As with all CCTV builds, care has been taken to ensure the process is as simple as possible. Soldering from shortest components to tallest components is recommended, so let's start with the resistors.
Let's start by soldering the 10K resistors. Each resistor needs to be removed from its carrier tape, have its legs bent sharply at a 90° angle, inserted into the appropriate location on the PCB, soldered, and then clipped. Sounds like a lot but let's take it slow.
Each footprint on the the PCB is marked with values. Resistors can be installed either way around, they do not have a polarity. Bend and insert your first 10K resistor like so. Ignore my dirty hands please.
Bend the legs on the under side outwards, so the resistor does not fall out when you flip the board over.
Solder the legs by heating up BOTH the leg and the copper ring and introduce solder to the joint.
Once both legs are soldered, use side cutters to clip down the legs.
A good solder joint should look like a little volcano.
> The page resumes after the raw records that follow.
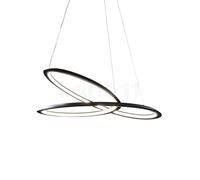 Nemo Kepler Suspension LED schwarz - 84 cm - downlight , Vente d'entrepôt, neuf, emballage d'origine Ce luminaire comporte des modules à LED prémontés de classes énergétiques A A++, A+, A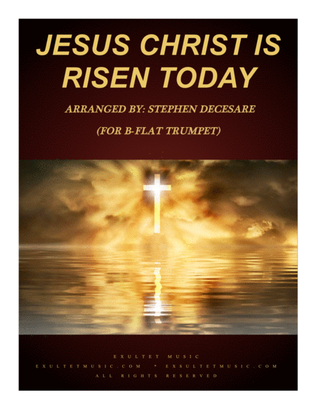 Book cover for Jesus Christ Is Risen Today (for Bb-Trumpet Solo and Piano)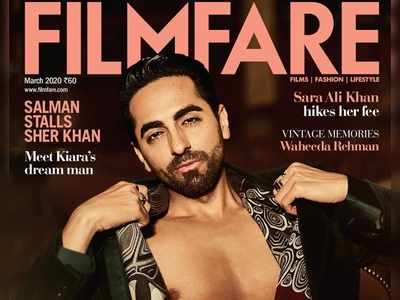 Ayushmann Khurrana makes a shocking confession as he turns cover boy for Filmfare's latest issue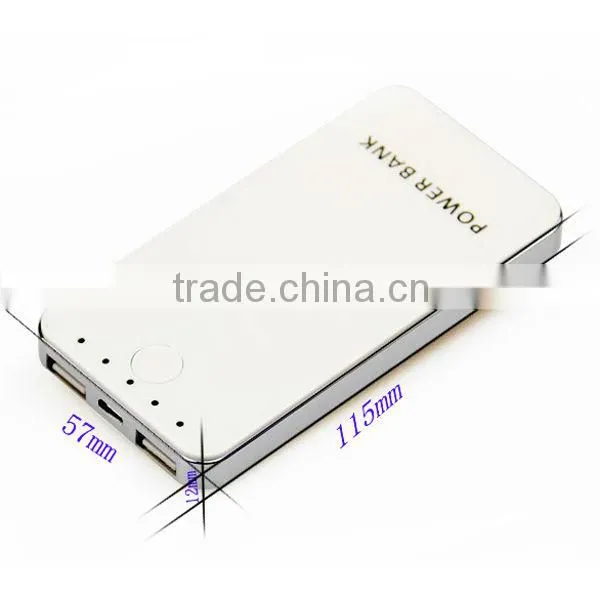 OBOE 5000mAh Slim Mobile Power Bank with dual outputs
Solder the 6x 10K resistors
Solder the 4x 1K Resistors
Solder the 3x 100K and 3x 220K Resistors
Nice!
DIODES
MS-420 uses two diodes (semiconductors that function as one-way switches), one is a general purpose diode for reverse power protection (so your filter doesn't blow up if power is applied backwards accidentally) and the other is a special kind of diode called a ZENER diode (pronounced like Zee-ner; rhymes with Cleaner). A Zener diode acts like a normal diode in the forwards direction, but develops a specific voltage drop when conducting from Cathode to Anode. In MS-420, a 3.3V Zener diode is used to create a 3.3V bias voltage, used as a ground potential.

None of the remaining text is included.